Supporting Your Corps Members’s Career Transitions

Next week at NCVS, in addition to blogging & helping staff the Idealist Career Center on the Third Floor Exhibit Hall, I’ll be offering a workshop for service corps program directors and team leaders called “Incorporating Career Transitions Throughout the Term of Service.”

My workshop will take place first thing Wednesday morning as part of the NCVS events at the Moscone Center — and I am looking forward to seeing a room full of wide awake, rearing to go participants. I hope you can join us!

The idea behind the workshop is that preparing corps members for their career transition out of your program benefits both your program and the members themselves. With this workshop, participants can explore the components of an effective career transitions support strategy, and share effective practices with each other and me.

Because I learned how to train people as a Peace Corps Volunteer in China (where I taught English using a lot of activities and small groups that both emphasized giving my students a chance to speak) the workshop will be very much a time to hear my ideas and tips, but also to learn from each other.

What I’ve come to learn through the training I’ve already done on career transitions is that program directors recognize that corps members join their service corps as a way to achieve professional goals, in addition to contributing meaningfully to the community. You want to offer your members support to assist with their transition to next steps, but find yourself balancing other, more pressing training needs of corps members; limited by time to devote to the topic; hampered by expansive distances that make getting together with corps members difficult; and juggling other program priorities.

As a result, “Life After AmeriCorps” topics come up near the very end of the term, after many opportunities have been lost for exploring career paths and taking full advantage of their service term. Meanwhile, corps members report feeling anxious about the next steps much earlier—half-way through their term and sometimes even sooner.

This workshop’s purpose is to highlight things that the members can do to prepare themselves for their transition throughout the term, while enhancing — not distracting from — their service experience. Then the conversation will turn to discovering ways that program directors can assist the members in the process.

Corps members can set themselves up for success during the service term by:

•    Discerning their next steps (through evaluation, reflection, and other specific exercises)
•    Building additional, strategic relationships and skills that put them closer to their goals
•    Documenting (or saving evidence of) their accomplishments
•    Learning the nuts and bolts of a transition — to school or work

Rather than waiting till the last month of the term to offer a resume workshop, program directors then can incorporate these broad topic areas into the current calendar of events for the year, and integrating them into communication tools the service program is already using like website, resource library, listserv, or one-on-one encounters with corps members.

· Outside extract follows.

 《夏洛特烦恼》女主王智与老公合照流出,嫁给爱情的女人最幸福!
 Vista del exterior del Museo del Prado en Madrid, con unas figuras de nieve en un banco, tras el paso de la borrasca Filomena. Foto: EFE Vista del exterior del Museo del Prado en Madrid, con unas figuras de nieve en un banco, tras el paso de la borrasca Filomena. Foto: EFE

The workshop’s handouts will focus on relevant, useful resources including training curricula (which I will email to participants following the event), ways to connect with local university career services offices, and an audit for participants to take stock of what they are already doing well and where they can find some improvements in career transitions support for their corps members.

Next week at NCVS we are also planning to launch a new, free book Service Corps to Social Impact Career – a Companion to the Idealist Guides to Nonprofit Careers. Intended for service corps folks of all ages and locations, the book will take a look at what corps members can do before, during, and after their service term to leverage their exeperiences for a successful career transition.